■ **Goal of the exercise**: Extract each line of the material that follows exactly and omit its pictures.

■ **Data**:
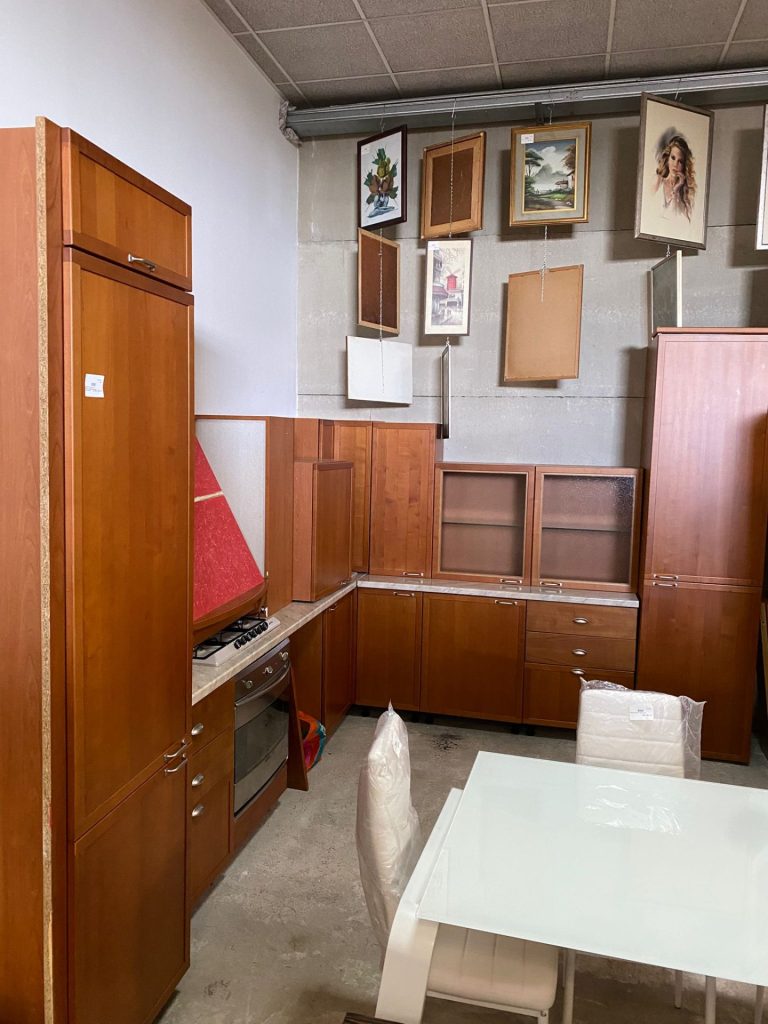Mobile cucina con elettrodomestici: forno, cappa, piano cottura e frigorifero incasso (no lavastoviglie) USATA 1014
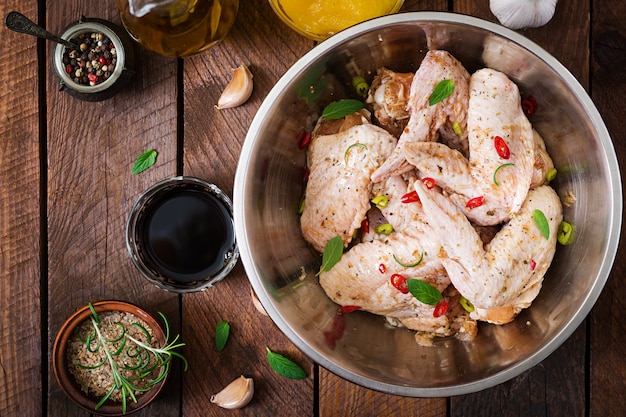 Rohe marinierte Hühnerflügel bereiteten sich in der asiatischen Art mit Honig, Knoblauch, Sojasoße und Kräutern vor Beschneidungspfad eingeschlossen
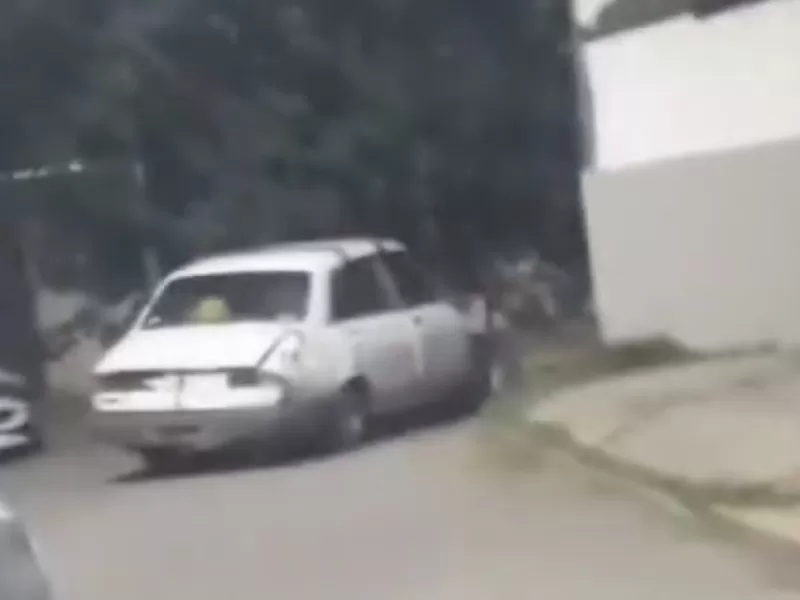 Madrugada ca&oacute;tica en Berisso: un auto termin&oacute; incrustado en una vivienda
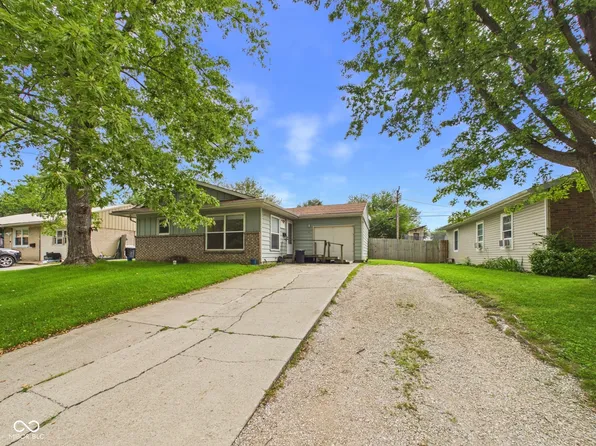 4 White Oak Ct, Hartford City, IN 47348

■ **Solution**:
Mobile cucina con elettrodomestici: forno, cappa, piano cottura e frigorifero incasso (no lavastoviglie) USATA 1014
 Rohe marinierte Hühnerflügel bereiteten sich in der asiatischen Art mit Honig, Knoblauch, Sojasoße und Kräutern vor Beschneidungspfad eingeschlossen
 Madrugada ca&oacute;tica en Berisso: un auto termin&oacute; incrustado en una vivienda
 4 White Oak Ct, Hartford City, IN 47348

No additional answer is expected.